Nestes termos, ao abrigo das disposições constitucionais e regimentais aplicáveis, o Grupo Parlamentar do PCP apresenta o seguinte Projeto de
Resolução
A Assembleia da República recomenda ao Governo que:
1 - Suspenda o processo de reorganização hospitalar em curso e reponha as valências e serviços hospitalares que existiam nas unidades hospitalares do Oeste, Coimbra, Algarve, Médio Tejo e que a Maternidade Alfredo da Costa e o Hospital Curry Cabral sejam unidades autónomas;
2 - Inicie um novo processo de reorganização hospitalar assente nos seguintes pressupostos:
a) Que considere as necessidades de cuidados de saúde das diversas camadas da população, tendo em conta o meio envolvente em que cada unidade hospitalar se insere, nomeadamente acessibilidades, rede de transportes públicos e o poder de compra;
b) Que atenda à correspondência de uma rede que cubra a totalidade do território nacional e que considere a articulação com os cuidados de saúde primários;
c) Que realize uma ampla discussão com os profissionais de saúde e as suas organizações representativas, as autarquias e as populações.
3 – O fim da empresarialização dos serviços públicos de saúde, através da reintegração dos Hospitais EPE no Setor Público Administrativo, que salvaguarde o carácter público de todas as unidades de saúde do SNS e simultaneamente permita a implementação de um modelo de gestão pública, democrática, participada e desgovernamentalizada.
4 – Reforce o financiamento dos hospitais públicos, atendendo às reais necessidades dos cidadãos na prestação de cuidados de saúde e da valorização dos profissionais de saúde, garantindo a progressão na respetiva carreira.
5 - Prepare um plano estratégico com vista à reintegração dos hospitais no modelo de gestão de PPP no Setor Público Administrativo no prazo de seis meses, garantindo a sua integração no Setor Público Administrativo no prazo máximo de dois anos.

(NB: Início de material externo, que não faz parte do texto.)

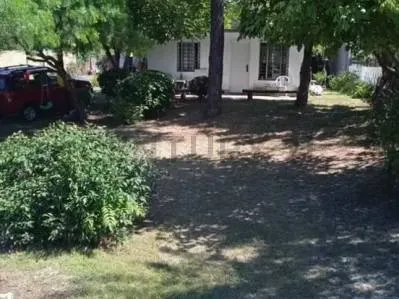 Casa de 2 dormitorios en Venta en Salinas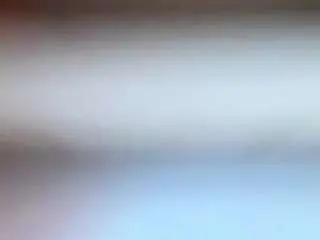 Janiedarling  live sex cam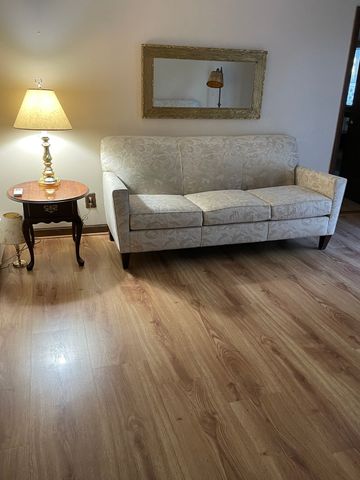 22 Eaton Road, Framingham, MA 01701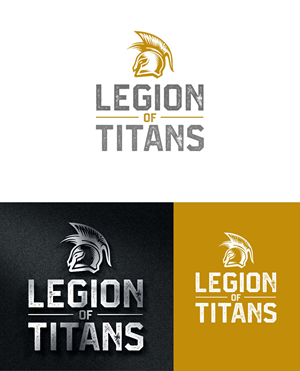 Logo Design by SANJU1 for Inspired App | Design: #34850241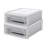 STACKING DRAWER Stackable Drawer-854644749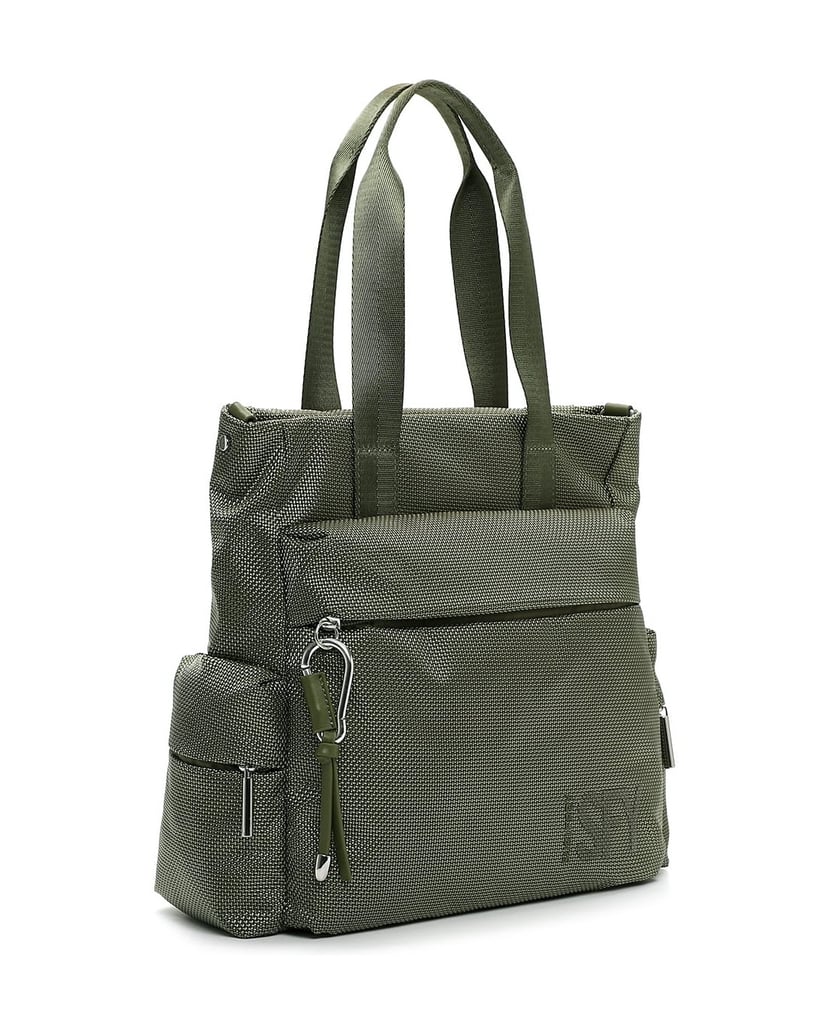SURI-FREY-Shopper-SFY-SURI-Sports-Marry-oliv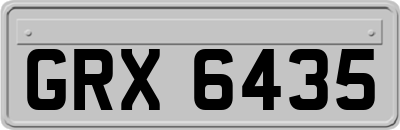 GRX6435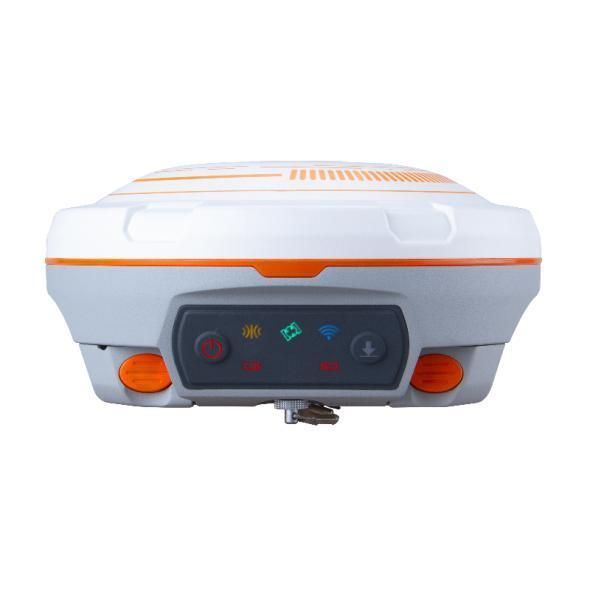 Comnav Sino T30 Imu Gnss Receiver Accurate Survey Measurement Instruments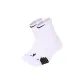 White 2 Building (Toys), 2 Pack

6 – No período de extinção dos hospitais PPP e a sua subsequente transição para o Setor Público Administrativo, os encargos do Estado com estas PPP, garantem apenas as transferências para as entidades gestoras das receitas obtidas, assegurando os recursos adicionais à prestação dos cuidados de saúde e à manutenção dos postos de trabalho.